Uganda: A Real Bag for Life

13 August 2013
ThinkAfricaPress
analysis

Mbale — In low-resource settings, cheap plastic bags could help reduce hypothermia in low weight newborns.

An everyday plastic bag - like the type you probably use to carry groceries - could help save the lives of some of the world's most vulnerable newborns, according to a recent study in the Journal of Pediatrics.

Polyethelene bags are often used to temporarily keep extremely premature newborns warm immediately after birth in developed countries, but only for the few minutes before they can be placed in an incubator.

The study, conducted in 2011 at the University Teaching Hospital in Lusaka, Zambia, tested whether this approach would work for longer durations with moderately pre-term infants (between 26 and 36 weeks' gestational age) in resource-constrained settings.

Here's how it worked: pre-term infants were randomised at birth, with some placed in a polyethylene bag immediately after birth and others receiving normal thermoregulation techniques. Researchers checked the temperatures of the infants an hour later.

The results were stunning. Infants in plastic bags were 79% more likely to be an appropriate temperature than the control group - 59% and 33% respectively, an absolute difference of 26%.

Losing heat

Hypothermia, or having a low body temperature, is associated with increased morbidity and mortality in newborns. It's a major risk for babies born in developing countries; while estimates vary significant, some studies show rates in newborns as high as 83%.

Hospitals in developing countries have few incubators or radiant warmers, which are expensive to procure and difficult to maintain. If a hospital does have one of these devices, there's a decent chance it'll be broken and inoperable.

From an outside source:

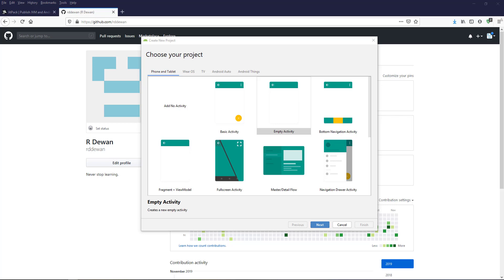In this lesson, we will see how we can create our Android libraries and host them to GitHub and later to JitPack. After we host it to our JitPack repositories, we can make use of it in our Android project by adding it as a dependency. So let's get started.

But many women don't deliver at the hospital, anyway. Sometimes, they prefer to give birth at home, and all too often, they are victims of geography and circumstance: a health facility may not be near enough to home, and if it is, it is often not qualified to provide emergency obstetric and newborn care.

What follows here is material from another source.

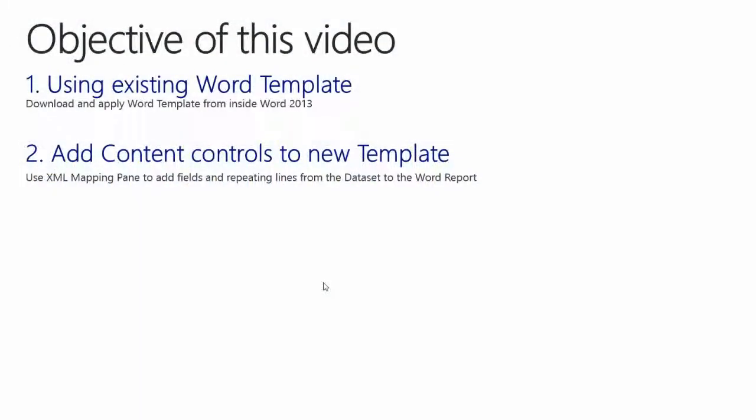The objective of this video is to show you how to find a template and apply it to our Word report. We will download and apply a Word template from inside Word 2013 and import it into our report. We will then use the XML mapping pane to add content controls to the template, adding both fields and a repeating line from the dataset to the Word report.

"All babies are predisposed to hypothermia", says Walderama Carlo, one of the authors of the study, in part because they "have a large surface area to body mass". Basically, it's easy for heat to escape, and once it does, infants have a difficult time producing more: they cannot immediately shiver. Their second line of defense, explains Carlo, is brown adipose tissue, or "brown fat," which generates heat. But again, premature newborns don't have enough of it.

Without these heat-generating mechanisms, infants cannot recoup the heat lost through evaporation, convection, conduction, and radiation. Once they are cold, they need outside warmth - either from the mother or an external device - to stay at the right temperature. The researchers believe that the plastic bag prevents evaporative cooling, keeping the baby warm for longer.

An extra pouch

In addition to reducing hypothermia, plastic bags can also help facilitate skin-to-skin contact (known as "Kangaroo Mother Care"), a World Health Organisation-recommended method to care for pre-term infants.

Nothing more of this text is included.